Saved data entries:
# # # # # # #
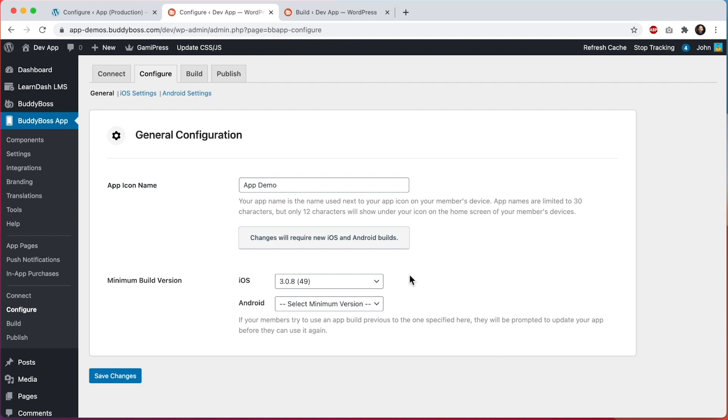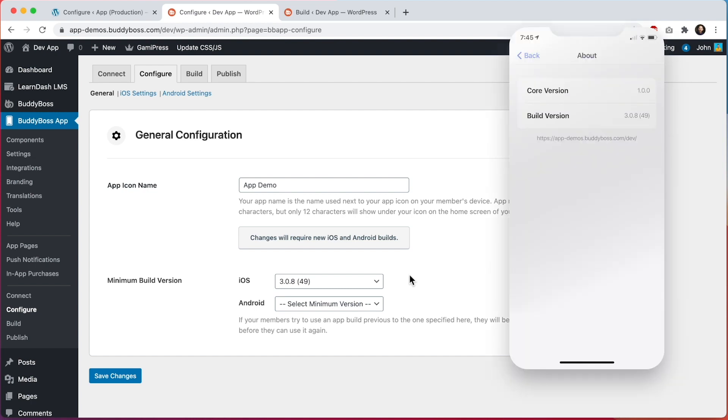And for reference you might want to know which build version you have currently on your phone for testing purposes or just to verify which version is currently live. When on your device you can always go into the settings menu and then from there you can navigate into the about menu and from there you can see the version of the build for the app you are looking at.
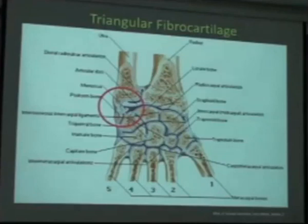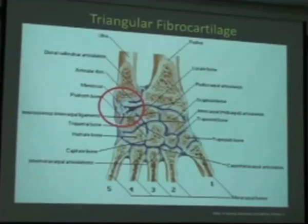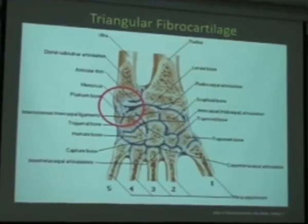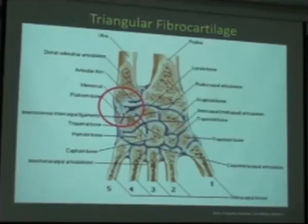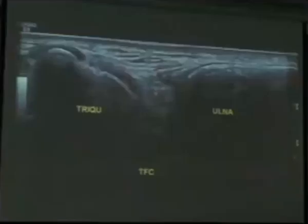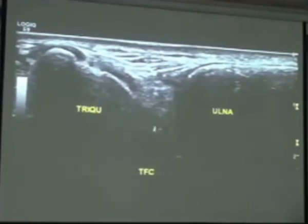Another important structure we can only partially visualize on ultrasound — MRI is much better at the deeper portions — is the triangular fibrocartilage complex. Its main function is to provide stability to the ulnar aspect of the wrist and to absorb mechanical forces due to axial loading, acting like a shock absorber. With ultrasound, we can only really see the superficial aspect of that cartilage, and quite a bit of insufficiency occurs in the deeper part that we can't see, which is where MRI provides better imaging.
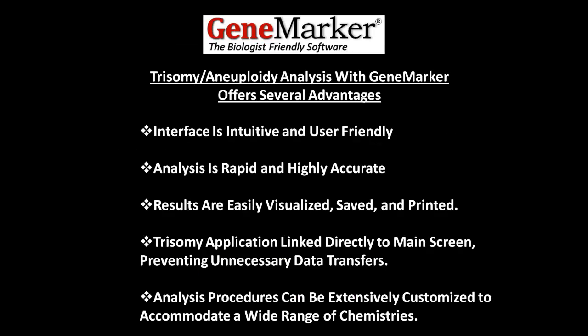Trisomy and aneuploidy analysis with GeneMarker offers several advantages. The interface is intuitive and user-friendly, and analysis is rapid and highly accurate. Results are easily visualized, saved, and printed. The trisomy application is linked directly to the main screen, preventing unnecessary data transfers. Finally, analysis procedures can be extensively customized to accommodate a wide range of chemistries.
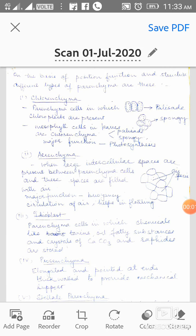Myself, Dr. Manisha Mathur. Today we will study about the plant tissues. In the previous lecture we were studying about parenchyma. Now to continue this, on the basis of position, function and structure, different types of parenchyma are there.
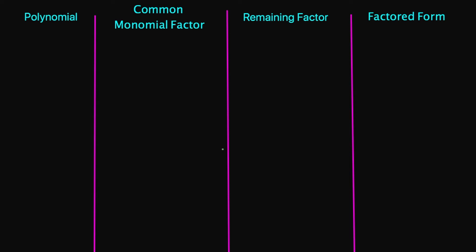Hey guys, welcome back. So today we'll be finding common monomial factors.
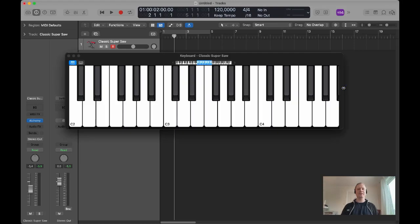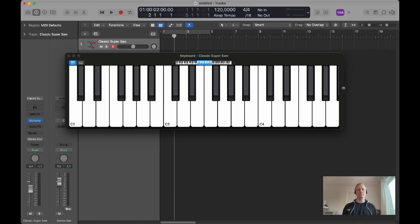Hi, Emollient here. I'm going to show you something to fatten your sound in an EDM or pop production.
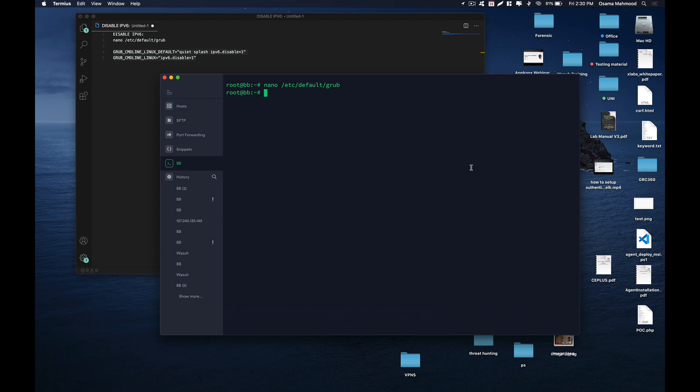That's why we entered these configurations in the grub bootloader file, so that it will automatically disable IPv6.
# # # # # # #
TO DO: Only the lines from the line that contains "Hey guys, welcome" through the end of the entries are to be written out, exactly and without pictures, both ends included.

FINISHED EXERCISE:
Hey guys, welcome back. So today we'll be finding common monomial factors.
Hi, Emollient here. I'm going to show you something to fatten your sound in an EDM or pop production.
That's why we entered these configurations in the grub bootloader file, so that it will automatically disable IPv6.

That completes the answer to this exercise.